Abstract Background: Injection drug use is an important public health issue in the United States, and estimates indicate that American Indian and Alaska Native people are disproportionately affected. Injection drug use is also the leading cause of Hepatitis C virus (HCV) infection in the United States, attributable to over half of all cases, and contributes to 44% of human immunodeficiency virus (HIV) acquisition in American Indian and Alaska Native females. Existing estimates of American Indian and Alaska Native people who inject drugs are limited. We aimed to estimate the number of people who inject drugs in Cherokee Nation.Methods: A two-sample, capture-recapture approach was used.

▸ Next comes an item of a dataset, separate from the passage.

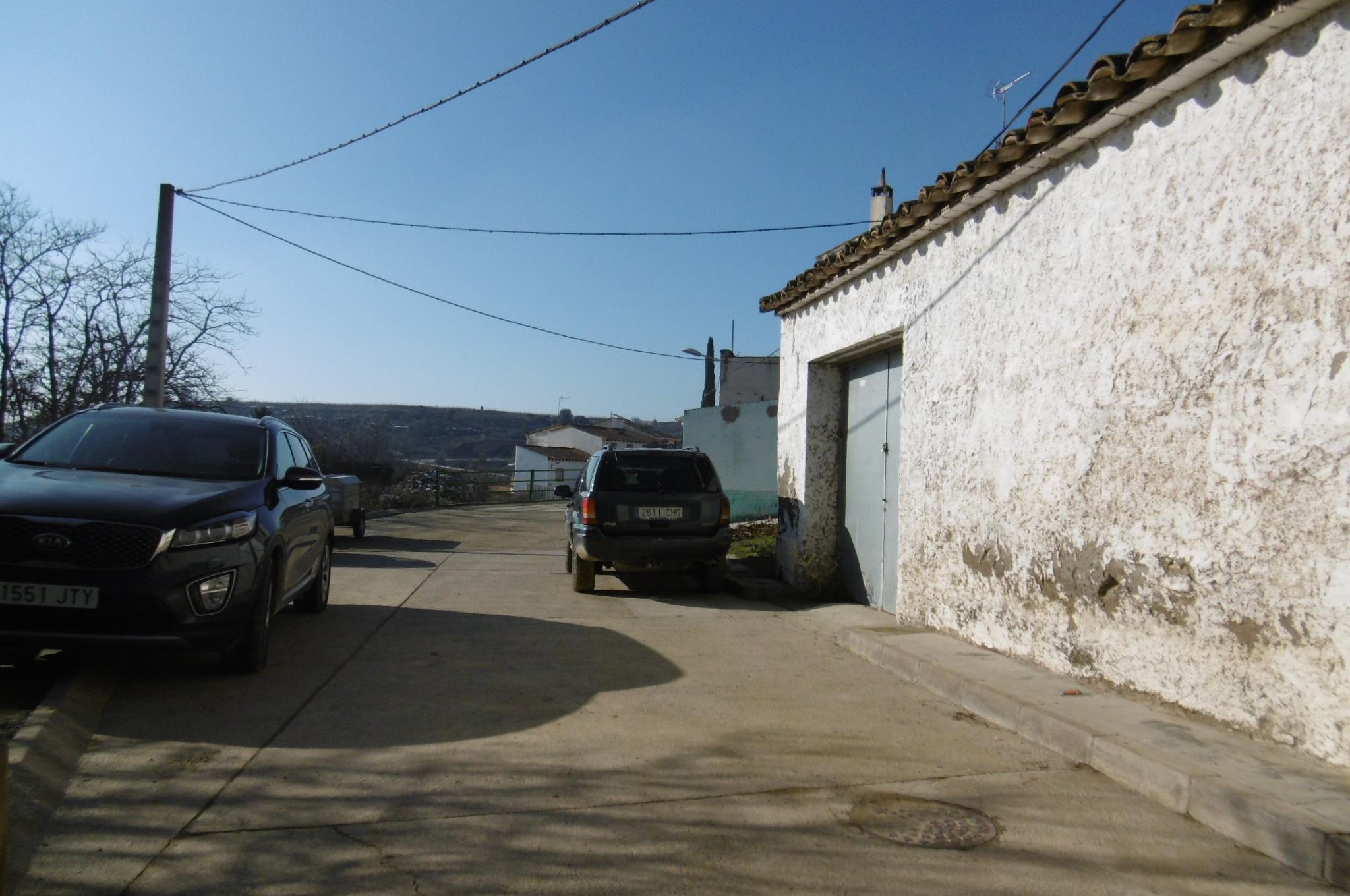 Imagen 2 Casa en venta en San Miguel Del Cinca / Cercana a Centro de Pomar.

The first data source was an abstraction of Cherokee Nation Health Services electronic medical records from February 2017 through December 2018. The second data source was an abstraction from Cherokee Nation’s HCV Elimination Program Database from August 2015 through December 2018. Individuals were included in the abstractions if they were asked if they had injected drugs in the past six months during their health visit. The indirect prevalence estimate of people who inject drugs was calculated in accordance with the UNAIDS/WHO Guidelines on Estimating the Size of Populations Most at Risk to HIV.Results: In total, 198 individuals across both data sources reported that they had injected drugs within the past six months. This included 123 unique individuals from the first source, 69 individuals from the second source, and six individuals who were included in both sources. Capture-recapture calculations indicated an estimate of 1,613 people who inject drugs (95% CI: 1,530.27, 1,694.7). Conclusions: This study was the first attempt at estimating the number of people who inject drugs in Cherokee Nation, and one of the few existing studies to estimate the number of American Indian/Alaska Native people who inject drugs in the United States. Gaining knowledge about the prevalence of people who inject drugs in Cherokee Nation will inform strategies to support addiction care and treatment among people who inject drugs living in Indian Country.